Indicateur | Chiffre | Période |
Morts à Khartoum | 60 000+ | 14 premiers mois |
Déplacés | 12 millions | Depuis avril 2023 |
Ces chiffres, bien qu’impressionnants, ne racontent qu’une partie de l’histoire. Derrière chaque nombre, il y a des familles brisées, des vies interrompues et des traditions piétinées.
Vers une Issue Incertaine
Récemment, l’armée a repris du terrain, notamment l’aéroport de Khartoum, chassant les paramilitaires de vastes zones de la capitale. Une lueur d’espoir ? Pas vraiment. Ces derniers, loin de capituler, continuent leurs assauts dans les quartiers résidentiels et maintiennent leur emprise sur des régions éloignées.
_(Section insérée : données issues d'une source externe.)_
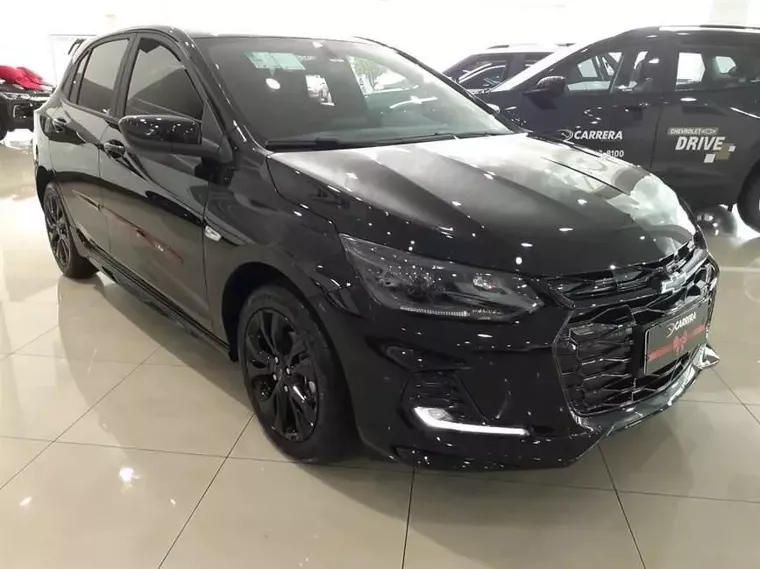 Chevrolet Onix Preto 3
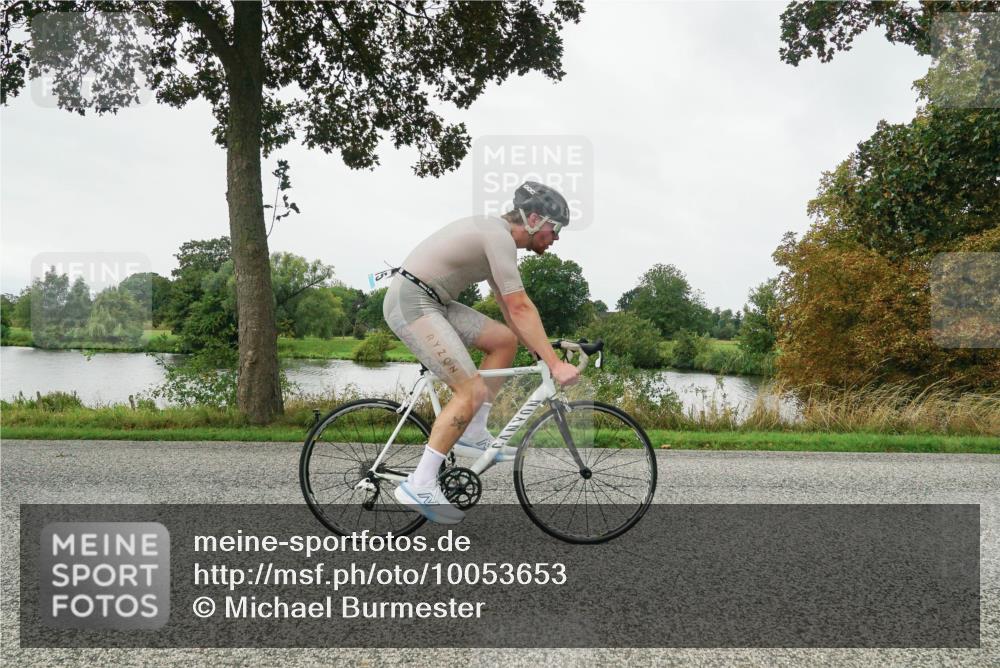 30.08.2026 - Elbe Triathlon Hamburg Michael Burmester http://msf.ph/oto/10053653 30.08.2026 10:34:31 Radfahren 810, 947, 948, 988, 1009, 1015, 1022, 1025, 1071 meine-sportfotos.de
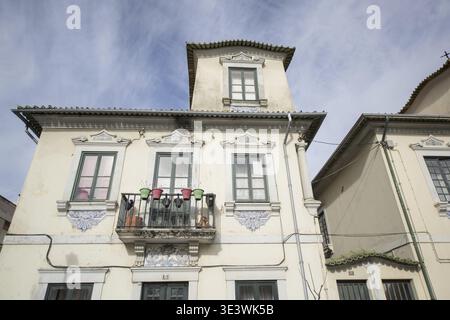 L'architecture dans la ville d'Espinho, au sud de la ville Porto à Porugal en Europe. Portugal, Porto, avril 2019 Banque D'Images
Pour les habitants, la fin des combats reste un mirage. Tant que la guerre perdure, les tombes de fortune continueront de fleurir, rappelant que même dans la mort, la paix reste hors de portée.
Une guerre qui vole aux vivants leur droit de pleurer les morts.
Ce conflit, bien plus qu’une lutte de pouvoir, est une tragédie humaine qui redéfinit les limites de la souffrance. Combien de temps encore les Soudanais devront-ils enterrer leurs proches au milieu des ruines ? La réponse, pour l’instant, reste suspendue dans l’air poussiéreux de Khartoum.